Nous voulons  en faire un festival. Nous sommes à 18 éditions. Nous voulons en faire encore deux l’année prochaine  et en 2025, nous voulons devenir le Festival de l’Humour. Avec des ateliers qui vont susciter des vocations. Markus est devenu moniteur humoristique. Il forme les entreprises à l’art du théâtre, de la comédie, etc. Major Asse et d’autres apporteront leur contribution. Ce sont les instructeurs que nous avons déjà  retenus. Et à l’occasion pourquoi pas faire venir Thomas Ngijol et d’autres personnalités de haut vol qui vont  rencontrer les jeunes humoristes camerounais et organiser des sessions, des révélations, des come-backs et des classiques?

Est-ce une bonne chose pour le Cameroun d’avoir plusieurs événements consacrés à l’humour ?

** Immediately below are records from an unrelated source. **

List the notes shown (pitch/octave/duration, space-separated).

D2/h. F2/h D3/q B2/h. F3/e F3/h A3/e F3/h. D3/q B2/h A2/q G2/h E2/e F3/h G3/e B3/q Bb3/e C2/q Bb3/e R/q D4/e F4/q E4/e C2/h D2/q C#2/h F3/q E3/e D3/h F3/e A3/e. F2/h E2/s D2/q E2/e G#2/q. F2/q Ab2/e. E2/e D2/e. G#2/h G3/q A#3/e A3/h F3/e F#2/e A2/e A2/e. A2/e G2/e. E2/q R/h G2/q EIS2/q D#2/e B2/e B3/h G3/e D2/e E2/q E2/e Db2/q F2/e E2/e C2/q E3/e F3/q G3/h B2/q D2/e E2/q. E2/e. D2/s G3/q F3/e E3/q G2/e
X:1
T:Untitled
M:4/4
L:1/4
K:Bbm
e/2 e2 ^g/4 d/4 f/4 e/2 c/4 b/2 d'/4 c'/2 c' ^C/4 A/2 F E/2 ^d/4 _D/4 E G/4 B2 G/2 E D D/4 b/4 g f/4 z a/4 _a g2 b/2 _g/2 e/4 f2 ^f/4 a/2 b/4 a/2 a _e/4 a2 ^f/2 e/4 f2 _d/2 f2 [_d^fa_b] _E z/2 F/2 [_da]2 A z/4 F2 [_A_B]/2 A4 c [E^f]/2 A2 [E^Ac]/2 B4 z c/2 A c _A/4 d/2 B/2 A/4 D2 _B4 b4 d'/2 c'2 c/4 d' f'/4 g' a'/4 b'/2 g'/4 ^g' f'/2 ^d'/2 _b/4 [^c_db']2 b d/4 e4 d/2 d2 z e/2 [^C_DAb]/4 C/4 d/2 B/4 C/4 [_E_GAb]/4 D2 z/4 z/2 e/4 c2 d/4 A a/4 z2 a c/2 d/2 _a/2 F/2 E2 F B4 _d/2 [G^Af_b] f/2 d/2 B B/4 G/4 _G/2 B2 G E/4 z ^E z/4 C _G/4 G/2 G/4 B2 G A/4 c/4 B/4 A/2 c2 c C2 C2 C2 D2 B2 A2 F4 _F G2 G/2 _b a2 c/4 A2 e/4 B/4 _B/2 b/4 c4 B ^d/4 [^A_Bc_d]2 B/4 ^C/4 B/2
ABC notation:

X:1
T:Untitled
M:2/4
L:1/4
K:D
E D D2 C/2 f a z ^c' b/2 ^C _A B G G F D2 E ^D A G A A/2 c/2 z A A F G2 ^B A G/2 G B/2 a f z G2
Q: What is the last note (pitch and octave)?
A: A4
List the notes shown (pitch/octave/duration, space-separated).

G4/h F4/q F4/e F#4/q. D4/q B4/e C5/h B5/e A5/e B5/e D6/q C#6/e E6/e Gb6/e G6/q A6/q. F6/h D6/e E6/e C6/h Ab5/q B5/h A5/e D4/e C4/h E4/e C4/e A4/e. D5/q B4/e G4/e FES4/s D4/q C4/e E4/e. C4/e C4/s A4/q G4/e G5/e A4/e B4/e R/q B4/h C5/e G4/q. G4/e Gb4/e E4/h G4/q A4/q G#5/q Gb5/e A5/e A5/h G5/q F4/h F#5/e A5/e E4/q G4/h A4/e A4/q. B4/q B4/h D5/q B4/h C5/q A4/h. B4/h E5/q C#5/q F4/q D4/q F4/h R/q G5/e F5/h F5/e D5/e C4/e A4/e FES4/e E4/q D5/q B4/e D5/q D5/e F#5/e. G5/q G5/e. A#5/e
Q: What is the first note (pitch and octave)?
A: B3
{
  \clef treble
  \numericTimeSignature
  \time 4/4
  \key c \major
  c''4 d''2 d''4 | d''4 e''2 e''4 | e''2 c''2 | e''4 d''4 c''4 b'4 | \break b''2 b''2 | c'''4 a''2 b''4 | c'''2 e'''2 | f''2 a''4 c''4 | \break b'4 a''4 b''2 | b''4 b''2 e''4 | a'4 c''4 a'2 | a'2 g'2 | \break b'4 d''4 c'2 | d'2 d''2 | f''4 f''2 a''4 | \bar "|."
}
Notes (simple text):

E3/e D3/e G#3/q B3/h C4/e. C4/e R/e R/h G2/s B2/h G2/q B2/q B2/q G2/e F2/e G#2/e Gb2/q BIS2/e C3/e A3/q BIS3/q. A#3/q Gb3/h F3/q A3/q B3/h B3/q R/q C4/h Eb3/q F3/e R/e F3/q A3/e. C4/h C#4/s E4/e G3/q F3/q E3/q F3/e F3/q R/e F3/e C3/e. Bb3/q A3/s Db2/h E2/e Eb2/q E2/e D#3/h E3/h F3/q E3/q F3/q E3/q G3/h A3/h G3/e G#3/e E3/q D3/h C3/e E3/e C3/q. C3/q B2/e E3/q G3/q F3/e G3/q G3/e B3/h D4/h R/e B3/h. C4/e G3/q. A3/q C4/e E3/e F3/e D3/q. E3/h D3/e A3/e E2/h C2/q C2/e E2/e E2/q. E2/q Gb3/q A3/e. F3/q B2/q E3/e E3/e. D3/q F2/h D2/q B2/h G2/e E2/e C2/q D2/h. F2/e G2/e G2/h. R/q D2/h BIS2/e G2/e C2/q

C’est une bonne chose. On a le stand up party de Markus qui est un magnifique événement formidable presque avec le même casting, mais pas dirigé de la même façon. On se plaît à aller chez Markus comme on se plait à venir chez Bojiko. Vous avez l’Afterwork de Senior Pastor qui est un concept  complètement différent ! Qui est chic glamour dans des hôtels 4, 5 étoiles. Il ne blague pas. Il élève très haut le niveau.  Ces spectacles sont toujours archi pleins. Il y avait Kaiser Show à un moment donné  à Yaoundé. Il y a Valéry Ndongo avec son concept dans la même ville. Il faut de l’émulation. Il faut donner du boulot à ces  humoristes. Ils veulent travailler.